Europa, niet de VS, uitgangspunt bij beoordeling vaccins
Wat was de aanleiding?
“Voordat nieuwe interventies ter preventie van infectieziekten worden geïntroduceerd in het Rijksvaccinatieprogramma moet vaststaan of vaccinatie van bepaalde doelgroepen kosteneffectief is. Ik heb dit onderzocht voor pneumokokken- en kinkhoestvaccinatie.”
Wat hebt u gevonden?
“Het pneumokokkenvaccin dat initieel werd gebruikt in het Rijksvaccinatieprogramma bleek minder kosteneffectief dan vooraf geschat. Dit kwam doordat de indirecte effecten (‘groepsimmuniteit of herd protection’ en serotypevervanging) gebaseerd waren op gegevens uit de VS. Echter, de prevaccinatie-epidemiologie blijkt in de VS anders te zijn dan in Europa. Polyvalente vaccins (10- en 13-valent) hebben een grotere kans om (kosten)effectief te zijn. Dat geldt vooral als ze de groepsimmuniteit versterken. De kosteneffectiviteit van pneumokokkenvaccinatieprogramma’s bij ouderen en risicogroepen wordt gedreven door de indirecte effecten van het kindervaccinatieprogramma en de effectiviteit tegen niet-invasieve pneumonie. Het introduceren van een extra boosterdosis tegen kinkhoest rond de 12 jaar is zeer kosteneffectief. Bij ongevaccineerde zuigelingen is het beoogde indirecte beschermende effect (herd effect) echter minimaal.”

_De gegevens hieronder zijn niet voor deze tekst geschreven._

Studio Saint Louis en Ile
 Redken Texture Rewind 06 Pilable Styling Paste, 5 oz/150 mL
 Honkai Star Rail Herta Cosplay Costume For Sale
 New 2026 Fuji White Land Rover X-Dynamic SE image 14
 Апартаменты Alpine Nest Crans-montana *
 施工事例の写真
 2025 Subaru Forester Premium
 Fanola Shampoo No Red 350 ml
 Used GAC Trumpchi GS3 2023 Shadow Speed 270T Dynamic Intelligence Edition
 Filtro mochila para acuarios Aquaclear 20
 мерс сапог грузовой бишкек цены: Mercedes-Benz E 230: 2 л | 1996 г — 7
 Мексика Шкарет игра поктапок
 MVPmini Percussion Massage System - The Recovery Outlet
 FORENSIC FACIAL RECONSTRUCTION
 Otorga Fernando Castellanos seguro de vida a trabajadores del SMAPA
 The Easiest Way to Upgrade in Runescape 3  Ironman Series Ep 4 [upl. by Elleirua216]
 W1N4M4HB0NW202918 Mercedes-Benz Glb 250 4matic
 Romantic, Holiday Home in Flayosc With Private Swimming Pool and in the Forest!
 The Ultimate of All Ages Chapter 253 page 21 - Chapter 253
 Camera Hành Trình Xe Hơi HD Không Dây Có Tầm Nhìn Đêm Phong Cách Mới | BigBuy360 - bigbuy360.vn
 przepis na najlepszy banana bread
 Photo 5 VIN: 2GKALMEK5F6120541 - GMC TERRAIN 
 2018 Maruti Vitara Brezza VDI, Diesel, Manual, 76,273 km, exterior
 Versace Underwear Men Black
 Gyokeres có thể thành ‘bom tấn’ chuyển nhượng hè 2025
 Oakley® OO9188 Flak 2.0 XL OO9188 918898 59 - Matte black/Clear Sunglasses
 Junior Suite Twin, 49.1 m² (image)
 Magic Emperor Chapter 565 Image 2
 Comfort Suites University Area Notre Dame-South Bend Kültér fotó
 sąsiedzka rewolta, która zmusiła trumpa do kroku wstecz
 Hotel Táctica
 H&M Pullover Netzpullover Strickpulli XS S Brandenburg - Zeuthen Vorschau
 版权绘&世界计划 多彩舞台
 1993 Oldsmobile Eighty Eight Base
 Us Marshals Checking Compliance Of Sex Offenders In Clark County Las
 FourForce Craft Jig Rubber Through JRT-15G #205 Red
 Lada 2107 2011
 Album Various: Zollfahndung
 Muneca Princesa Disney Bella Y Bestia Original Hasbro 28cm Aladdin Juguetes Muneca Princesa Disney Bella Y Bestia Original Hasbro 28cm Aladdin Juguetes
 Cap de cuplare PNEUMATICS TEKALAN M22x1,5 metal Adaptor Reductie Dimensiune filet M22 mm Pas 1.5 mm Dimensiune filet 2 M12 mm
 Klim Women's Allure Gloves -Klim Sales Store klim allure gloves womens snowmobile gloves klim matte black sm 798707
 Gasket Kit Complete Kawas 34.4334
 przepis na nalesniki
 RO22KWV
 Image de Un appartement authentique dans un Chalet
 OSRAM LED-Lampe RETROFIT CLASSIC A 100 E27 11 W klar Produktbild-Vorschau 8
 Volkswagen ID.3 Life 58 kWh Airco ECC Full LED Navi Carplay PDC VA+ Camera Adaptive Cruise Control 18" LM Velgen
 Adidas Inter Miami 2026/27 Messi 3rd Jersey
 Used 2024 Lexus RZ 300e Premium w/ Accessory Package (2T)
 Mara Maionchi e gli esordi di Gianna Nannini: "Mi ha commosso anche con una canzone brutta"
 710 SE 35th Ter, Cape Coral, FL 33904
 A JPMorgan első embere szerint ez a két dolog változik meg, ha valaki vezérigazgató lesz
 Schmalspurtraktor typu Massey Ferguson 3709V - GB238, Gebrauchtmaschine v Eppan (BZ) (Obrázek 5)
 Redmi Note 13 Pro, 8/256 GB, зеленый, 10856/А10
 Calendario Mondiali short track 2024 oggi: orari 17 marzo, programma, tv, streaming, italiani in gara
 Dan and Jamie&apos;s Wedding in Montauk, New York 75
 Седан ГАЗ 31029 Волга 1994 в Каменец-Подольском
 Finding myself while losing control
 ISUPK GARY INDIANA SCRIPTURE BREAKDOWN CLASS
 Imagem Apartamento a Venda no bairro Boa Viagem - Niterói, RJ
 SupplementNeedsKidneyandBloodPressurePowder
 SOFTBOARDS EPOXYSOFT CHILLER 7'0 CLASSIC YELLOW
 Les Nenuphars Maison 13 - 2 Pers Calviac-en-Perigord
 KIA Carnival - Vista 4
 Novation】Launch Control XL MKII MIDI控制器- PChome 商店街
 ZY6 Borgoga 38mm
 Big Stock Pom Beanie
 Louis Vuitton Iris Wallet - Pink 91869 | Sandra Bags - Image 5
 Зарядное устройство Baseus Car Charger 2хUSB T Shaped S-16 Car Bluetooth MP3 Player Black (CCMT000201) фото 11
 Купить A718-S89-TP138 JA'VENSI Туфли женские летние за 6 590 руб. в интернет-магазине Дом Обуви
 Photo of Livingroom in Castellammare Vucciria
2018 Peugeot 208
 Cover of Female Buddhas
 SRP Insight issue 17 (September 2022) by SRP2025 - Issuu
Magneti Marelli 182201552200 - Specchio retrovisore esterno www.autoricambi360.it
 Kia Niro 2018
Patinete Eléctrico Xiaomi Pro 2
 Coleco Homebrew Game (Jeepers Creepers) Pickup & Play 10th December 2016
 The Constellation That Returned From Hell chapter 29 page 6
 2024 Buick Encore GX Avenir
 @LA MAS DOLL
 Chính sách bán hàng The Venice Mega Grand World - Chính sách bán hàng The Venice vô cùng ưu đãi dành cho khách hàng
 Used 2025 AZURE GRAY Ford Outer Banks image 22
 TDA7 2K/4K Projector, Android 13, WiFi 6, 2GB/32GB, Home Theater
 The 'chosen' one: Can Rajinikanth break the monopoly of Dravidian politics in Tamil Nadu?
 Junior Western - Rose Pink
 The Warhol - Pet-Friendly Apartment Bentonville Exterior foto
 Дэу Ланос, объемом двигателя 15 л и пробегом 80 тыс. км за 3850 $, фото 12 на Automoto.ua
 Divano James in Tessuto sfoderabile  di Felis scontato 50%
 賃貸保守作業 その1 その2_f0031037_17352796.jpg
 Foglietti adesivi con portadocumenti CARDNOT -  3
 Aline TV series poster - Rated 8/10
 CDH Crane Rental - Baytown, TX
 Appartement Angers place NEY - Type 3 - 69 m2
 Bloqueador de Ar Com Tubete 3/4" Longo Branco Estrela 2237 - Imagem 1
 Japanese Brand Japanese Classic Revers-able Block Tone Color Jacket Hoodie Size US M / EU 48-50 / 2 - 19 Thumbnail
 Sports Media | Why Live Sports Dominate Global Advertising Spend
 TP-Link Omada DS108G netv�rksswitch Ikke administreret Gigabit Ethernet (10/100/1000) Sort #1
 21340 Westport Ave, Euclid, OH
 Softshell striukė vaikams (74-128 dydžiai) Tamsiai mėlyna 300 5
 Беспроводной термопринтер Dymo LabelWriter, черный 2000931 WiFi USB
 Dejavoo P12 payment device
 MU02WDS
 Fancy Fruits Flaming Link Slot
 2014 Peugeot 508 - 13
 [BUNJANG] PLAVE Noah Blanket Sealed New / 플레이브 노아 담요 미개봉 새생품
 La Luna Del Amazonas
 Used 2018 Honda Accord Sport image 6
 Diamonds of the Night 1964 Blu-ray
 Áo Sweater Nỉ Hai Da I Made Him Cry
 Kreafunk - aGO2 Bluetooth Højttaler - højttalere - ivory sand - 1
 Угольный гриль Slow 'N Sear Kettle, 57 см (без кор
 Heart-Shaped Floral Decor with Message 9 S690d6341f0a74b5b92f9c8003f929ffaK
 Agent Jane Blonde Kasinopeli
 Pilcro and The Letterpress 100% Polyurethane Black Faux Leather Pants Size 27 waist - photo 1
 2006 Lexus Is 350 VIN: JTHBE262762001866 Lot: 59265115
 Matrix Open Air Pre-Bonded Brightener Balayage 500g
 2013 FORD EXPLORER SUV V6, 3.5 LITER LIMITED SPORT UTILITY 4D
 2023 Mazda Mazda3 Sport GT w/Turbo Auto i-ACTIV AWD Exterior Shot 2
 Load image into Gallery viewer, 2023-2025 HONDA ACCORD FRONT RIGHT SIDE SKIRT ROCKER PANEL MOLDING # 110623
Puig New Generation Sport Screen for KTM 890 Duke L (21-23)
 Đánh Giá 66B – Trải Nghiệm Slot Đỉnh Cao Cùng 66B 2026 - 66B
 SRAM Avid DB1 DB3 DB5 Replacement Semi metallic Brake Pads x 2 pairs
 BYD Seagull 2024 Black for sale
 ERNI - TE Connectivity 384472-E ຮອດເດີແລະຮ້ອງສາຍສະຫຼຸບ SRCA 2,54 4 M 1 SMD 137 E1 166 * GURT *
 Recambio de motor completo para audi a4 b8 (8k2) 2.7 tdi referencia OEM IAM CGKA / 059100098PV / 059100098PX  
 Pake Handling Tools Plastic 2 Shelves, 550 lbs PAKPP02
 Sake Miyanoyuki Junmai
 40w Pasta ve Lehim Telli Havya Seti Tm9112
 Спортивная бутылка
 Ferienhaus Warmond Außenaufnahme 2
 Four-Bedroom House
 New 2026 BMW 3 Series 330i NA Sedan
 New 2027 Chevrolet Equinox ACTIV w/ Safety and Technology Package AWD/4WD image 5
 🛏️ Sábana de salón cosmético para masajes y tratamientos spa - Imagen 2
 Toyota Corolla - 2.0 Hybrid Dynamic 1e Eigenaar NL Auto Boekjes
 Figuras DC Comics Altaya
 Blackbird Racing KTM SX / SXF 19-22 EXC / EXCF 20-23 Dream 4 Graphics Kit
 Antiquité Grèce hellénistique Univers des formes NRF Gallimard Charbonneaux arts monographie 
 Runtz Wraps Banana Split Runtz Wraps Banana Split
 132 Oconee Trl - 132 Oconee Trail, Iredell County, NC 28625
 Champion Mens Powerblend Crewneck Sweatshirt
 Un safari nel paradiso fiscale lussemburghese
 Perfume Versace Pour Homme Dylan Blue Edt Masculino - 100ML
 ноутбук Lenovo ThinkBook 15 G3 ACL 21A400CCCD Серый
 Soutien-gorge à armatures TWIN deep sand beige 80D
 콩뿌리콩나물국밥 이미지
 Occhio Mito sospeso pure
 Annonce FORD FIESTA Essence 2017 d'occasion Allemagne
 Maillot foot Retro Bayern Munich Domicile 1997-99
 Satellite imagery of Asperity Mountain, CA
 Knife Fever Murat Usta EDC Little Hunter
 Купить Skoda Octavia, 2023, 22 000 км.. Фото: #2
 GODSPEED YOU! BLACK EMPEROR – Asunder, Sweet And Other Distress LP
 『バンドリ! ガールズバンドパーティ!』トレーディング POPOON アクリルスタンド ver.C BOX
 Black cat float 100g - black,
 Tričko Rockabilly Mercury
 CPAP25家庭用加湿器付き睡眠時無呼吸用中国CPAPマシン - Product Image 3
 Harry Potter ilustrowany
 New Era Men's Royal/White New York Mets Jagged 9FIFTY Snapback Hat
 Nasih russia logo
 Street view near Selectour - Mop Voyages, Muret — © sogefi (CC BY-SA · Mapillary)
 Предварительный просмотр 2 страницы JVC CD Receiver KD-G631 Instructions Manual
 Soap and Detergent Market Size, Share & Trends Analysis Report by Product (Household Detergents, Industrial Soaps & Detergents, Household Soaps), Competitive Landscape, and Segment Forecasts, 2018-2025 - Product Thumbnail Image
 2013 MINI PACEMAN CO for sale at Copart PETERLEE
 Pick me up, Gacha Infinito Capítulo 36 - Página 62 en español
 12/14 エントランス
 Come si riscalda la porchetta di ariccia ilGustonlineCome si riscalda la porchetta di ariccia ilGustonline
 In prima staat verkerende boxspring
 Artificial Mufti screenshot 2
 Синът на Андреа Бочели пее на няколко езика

Wat betekenen de resultaten?
“De beoordeling van de waarde van nieuwe vaccins kan niet zonder meer gebaseerd worden op data uit andere landen. Mogelijk zijn de nieuwe polyvalente pneumokokkenvaccins kosteneffectief bij zuigelingen. Indien het nieuwe pneumokokkenvaccin effectief is tegen niet-invasieve pneumonie is een risicovaccinatieprogramma tegen pneumokokken – bijvoorbeeld bij ouderen – in Nederland waarschijnlijk ook kosteneffectief. Andere vaccinatieopties voor de preventies van kinkhoest bij (deels) ongevaccineerde zuigelingen verdienen een heroverweging.”